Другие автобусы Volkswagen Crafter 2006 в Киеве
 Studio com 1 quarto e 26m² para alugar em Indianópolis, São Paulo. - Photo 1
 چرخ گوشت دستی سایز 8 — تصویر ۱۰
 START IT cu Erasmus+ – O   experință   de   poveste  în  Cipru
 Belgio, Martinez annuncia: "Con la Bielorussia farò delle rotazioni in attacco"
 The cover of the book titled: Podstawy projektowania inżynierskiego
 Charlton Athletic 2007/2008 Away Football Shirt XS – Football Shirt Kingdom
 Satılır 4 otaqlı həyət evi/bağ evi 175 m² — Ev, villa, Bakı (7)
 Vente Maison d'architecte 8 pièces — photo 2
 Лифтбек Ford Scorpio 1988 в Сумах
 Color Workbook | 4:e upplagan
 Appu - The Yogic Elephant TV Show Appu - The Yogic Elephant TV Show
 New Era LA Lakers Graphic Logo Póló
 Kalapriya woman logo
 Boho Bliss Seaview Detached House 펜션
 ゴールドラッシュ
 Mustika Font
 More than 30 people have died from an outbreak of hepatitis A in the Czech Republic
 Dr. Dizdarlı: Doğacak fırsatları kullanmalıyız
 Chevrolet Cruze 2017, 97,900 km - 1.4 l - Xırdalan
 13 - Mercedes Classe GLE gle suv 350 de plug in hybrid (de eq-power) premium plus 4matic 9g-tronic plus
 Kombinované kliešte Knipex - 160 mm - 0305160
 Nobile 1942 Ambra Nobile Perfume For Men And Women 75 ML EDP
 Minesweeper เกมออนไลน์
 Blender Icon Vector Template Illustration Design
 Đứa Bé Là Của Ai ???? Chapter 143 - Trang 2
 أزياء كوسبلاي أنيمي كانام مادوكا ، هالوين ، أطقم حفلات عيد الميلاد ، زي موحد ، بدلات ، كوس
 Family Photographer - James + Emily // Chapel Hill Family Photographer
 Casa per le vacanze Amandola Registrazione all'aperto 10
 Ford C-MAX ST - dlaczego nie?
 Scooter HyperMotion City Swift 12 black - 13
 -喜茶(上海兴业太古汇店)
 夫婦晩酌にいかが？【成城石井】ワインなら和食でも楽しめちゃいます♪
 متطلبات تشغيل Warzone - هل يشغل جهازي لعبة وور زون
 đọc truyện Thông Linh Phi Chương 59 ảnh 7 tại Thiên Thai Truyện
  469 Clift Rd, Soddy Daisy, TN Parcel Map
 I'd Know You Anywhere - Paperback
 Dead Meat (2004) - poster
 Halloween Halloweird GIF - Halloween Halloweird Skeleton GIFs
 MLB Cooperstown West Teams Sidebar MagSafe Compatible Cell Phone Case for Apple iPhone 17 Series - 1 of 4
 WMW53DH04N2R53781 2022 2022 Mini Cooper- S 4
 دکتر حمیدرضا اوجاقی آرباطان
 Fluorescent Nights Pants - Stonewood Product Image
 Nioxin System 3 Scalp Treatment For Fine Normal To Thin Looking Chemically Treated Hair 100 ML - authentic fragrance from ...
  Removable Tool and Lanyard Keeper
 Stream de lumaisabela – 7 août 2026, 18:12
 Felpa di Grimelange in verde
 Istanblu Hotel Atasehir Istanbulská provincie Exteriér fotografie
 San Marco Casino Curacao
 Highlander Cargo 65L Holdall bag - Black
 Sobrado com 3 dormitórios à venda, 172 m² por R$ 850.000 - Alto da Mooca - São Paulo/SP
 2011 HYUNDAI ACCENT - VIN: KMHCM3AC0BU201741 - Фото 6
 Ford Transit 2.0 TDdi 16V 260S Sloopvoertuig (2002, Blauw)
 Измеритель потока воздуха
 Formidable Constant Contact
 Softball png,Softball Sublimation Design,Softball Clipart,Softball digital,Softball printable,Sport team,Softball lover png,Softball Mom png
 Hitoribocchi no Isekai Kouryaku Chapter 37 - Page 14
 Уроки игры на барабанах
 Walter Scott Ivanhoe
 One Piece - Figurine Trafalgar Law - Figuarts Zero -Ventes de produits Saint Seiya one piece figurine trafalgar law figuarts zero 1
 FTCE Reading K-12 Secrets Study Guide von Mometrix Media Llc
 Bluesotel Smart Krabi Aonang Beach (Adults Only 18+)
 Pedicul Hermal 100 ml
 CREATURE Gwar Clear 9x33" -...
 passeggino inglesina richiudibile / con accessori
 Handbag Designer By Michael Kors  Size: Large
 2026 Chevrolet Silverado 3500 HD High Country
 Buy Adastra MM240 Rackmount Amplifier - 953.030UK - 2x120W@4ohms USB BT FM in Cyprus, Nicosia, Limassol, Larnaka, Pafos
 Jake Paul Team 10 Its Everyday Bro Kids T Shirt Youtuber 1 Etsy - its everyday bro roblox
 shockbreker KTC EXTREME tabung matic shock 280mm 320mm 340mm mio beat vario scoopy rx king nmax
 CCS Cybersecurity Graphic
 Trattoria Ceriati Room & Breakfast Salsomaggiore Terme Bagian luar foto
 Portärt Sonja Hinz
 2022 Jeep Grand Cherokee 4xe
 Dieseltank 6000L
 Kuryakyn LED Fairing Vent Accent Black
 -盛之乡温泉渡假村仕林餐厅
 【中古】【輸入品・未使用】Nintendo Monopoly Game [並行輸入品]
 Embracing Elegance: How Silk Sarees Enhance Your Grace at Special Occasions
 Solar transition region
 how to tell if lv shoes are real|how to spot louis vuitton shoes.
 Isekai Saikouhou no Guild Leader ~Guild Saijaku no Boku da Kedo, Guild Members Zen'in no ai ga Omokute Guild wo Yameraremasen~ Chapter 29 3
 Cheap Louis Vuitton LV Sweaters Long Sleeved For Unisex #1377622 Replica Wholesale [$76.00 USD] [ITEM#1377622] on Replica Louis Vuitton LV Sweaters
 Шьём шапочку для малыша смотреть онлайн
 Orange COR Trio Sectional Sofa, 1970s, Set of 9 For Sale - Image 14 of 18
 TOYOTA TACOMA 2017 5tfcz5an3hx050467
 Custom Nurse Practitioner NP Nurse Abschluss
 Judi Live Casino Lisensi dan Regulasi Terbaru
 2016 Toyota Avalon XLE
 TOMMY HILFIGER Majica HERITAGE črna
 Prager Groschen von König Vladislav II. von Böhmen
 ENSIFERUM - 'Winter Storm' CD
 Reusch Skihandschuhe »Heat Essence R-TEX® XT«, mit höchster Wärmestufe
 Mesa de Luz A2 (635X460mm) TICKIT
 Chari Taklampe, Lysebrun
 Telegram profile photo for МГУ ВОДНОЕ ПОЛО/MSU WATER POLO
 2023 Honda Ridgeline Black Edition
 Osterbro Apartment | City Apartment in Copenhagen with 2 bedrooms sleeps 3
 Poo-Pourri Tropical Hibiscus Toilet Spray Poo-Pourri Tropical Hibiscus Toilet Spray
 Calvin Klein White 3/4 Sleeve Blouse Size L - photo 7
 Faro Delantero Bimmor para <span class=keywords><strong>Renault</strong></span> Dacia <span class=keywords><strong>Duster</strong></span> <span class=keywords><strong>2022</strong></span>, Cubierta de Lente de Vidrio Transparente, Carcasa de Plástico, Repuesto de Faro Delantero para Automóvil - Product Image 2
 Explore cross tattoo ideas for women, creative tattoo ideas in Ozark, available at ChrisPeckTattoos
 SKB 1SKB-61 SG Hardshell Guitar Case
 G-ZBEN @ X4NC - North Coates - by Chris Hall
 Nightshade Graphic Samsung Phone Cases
########################################
* [The task]:
Show every line from the listing above in which the string "Size" appears.

* [Solution to this task]:
 Handbag Designer By Michael Kors  Size: Large
 Calvin Klein White 3/4 Sleeve Blouse Size L - photo 7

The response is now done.